История и истина - страница 16

стр.

Такое — через «подвешивание» и «нейтрализацию» — приятие верований прежде живших людей является симпатией, свойственной историку; она приводит в боевую готовность то, что мы, опираясь на смещение во времени, назвали воображением другого настоящего; это смещение во времени является также перенесением в другую субъективность, принятую в качестве центра перспективы. Эта необходимость зависит от специфического положения историка; историк составляет часть истории — не только в том банальном смысле, что прошлое является прошлым по отношению к настоящему

историка, но и в том смысле, что прежде жившие люди являются частью одного с ним человечества. Таким образом, история является одним из способов, которым люди «воспроизводят» свою принадлежность одному и тому же человечеству; она представляет собой сферу коммуникации сознаний, сферу, разделенную с помощью методологии на следы и документы, стало быть, явно выраженную сферу диалога, где «другой» отвечает на вопрошание, а не сферу распавшейся на части тотальной интерсубъективности, сферу всегда открытую и ведущую спор.

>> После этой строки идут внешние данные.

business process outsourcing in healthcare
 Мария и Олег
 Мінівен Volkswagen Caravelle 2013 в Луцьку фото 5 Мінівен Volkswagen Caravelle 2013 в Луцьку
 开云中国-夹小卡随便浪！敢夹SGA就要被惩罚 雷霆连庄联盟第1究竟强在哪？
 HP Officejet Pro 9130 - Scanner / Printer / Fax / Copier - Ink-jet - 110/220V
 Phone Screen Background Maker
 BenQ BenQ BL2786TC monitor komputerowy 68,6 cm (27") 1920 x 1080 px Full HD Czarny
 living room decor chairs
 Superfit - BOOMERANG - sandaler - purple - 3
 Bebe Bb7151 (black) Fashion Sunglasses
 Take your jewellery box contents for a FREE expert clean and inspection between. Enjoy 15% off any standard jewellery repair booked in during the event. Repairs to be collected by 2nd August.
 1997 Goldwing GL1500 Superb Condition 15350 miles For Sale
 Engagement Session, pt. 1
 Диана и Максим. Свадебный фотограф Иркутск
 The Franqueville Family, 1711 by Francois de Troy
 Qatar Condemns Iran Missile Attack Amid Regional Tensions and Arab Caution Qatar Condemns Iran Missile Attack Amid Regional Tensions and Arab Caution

Здесь мы касаемся другой грани, где объективность истории побуждает проявиться не только субъективность историка, но и субъективность истории.

Прежде чем сделать этот новый шаг, вернемся назад, чтобы подвести некоторые итоги.

Разве только что приведенные рассуждения опровергают наши первые шаги в анализе исторической объективности? Разве вторжение в анализ субъективности историка знаменует собой, как иногда считают, «растворение объекта»? Ни в коей мере: мы лишь уточнили вид объективности, появляющейся на свет благодаря ремеслу историка, вид исторической объективности, существующей наряду с другими видами объективности; короче говоря, мы подошли к конституированию исторической объективности как коррелята исторической субъективности.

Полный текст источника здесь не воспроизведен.